Exascale machines will be highly complex systems that couple multicore processors with accelerators and share a deep, heterogeneous memory hierarchy. Understanding performance bottlenecks within and across the nodes in extreme-scale computer systems is a first step toward mitigating them to improve library and application performance. The HPCToolkit project is providing a suite of software tools that developers need to measure and analyze the performance of their software as it executes on today’s supercomputers and forthcoming exascale systems.
In recent years, the complexity and diversity of architectures for extreme-scale parallelism have dramatically increased. At the same time, the complexity of applications is also increasing
as developers struggle to exploit billion-way parallelism, map computation onto heterogeneous computing elements, and cope with the growing complexity of memory hierarchies. While library and application developers can employ abstractions to hide some of the complexity of emerging parallel systems, performance tools must assess how software interacts with each hardware component of these systems.
The HPCToolkit project is working to develop performance measurement and analysis tools to enable application, library, runtime, and tool developers to understand where and why their software does not fully exploit hardware resources within and across nodes of current and future parallel systems. To provide a foundation for performance measurement and analysis, the project team is working with community stakeholders, including standards committees, vendors, and open-source developers, to improve hardware and software support for measurement and attribution of application performance on extreme-scale parallel systems.

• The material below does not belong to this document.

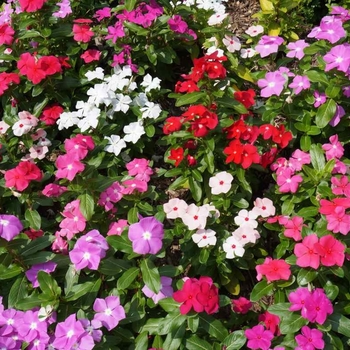 Impatiens 'Mixture'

The HPCToolkit team is focused on influencing the development of hardware and software interfaces for performance measurement and attribution by community stakeholders; developing new capabilities to measure, analyze, and understand the performance of software running on extreme-scale parallel systems; producing a suite of software tools that developers can use to measure and analyze the performance of parallel software as it executes; and working with developers to ensure that HPCToolkit’s capabilities meet their needs. Using emerging hardware and software interfaces for monitoring code performance, the team is working to extend capabilities to measure computation, data movement, communication, and I/O as a program executes to pinpoint scalability bottlenecks, quantify resource consumption, and assess inefficiencies, enabling developers to target sections of their code for performance improvement.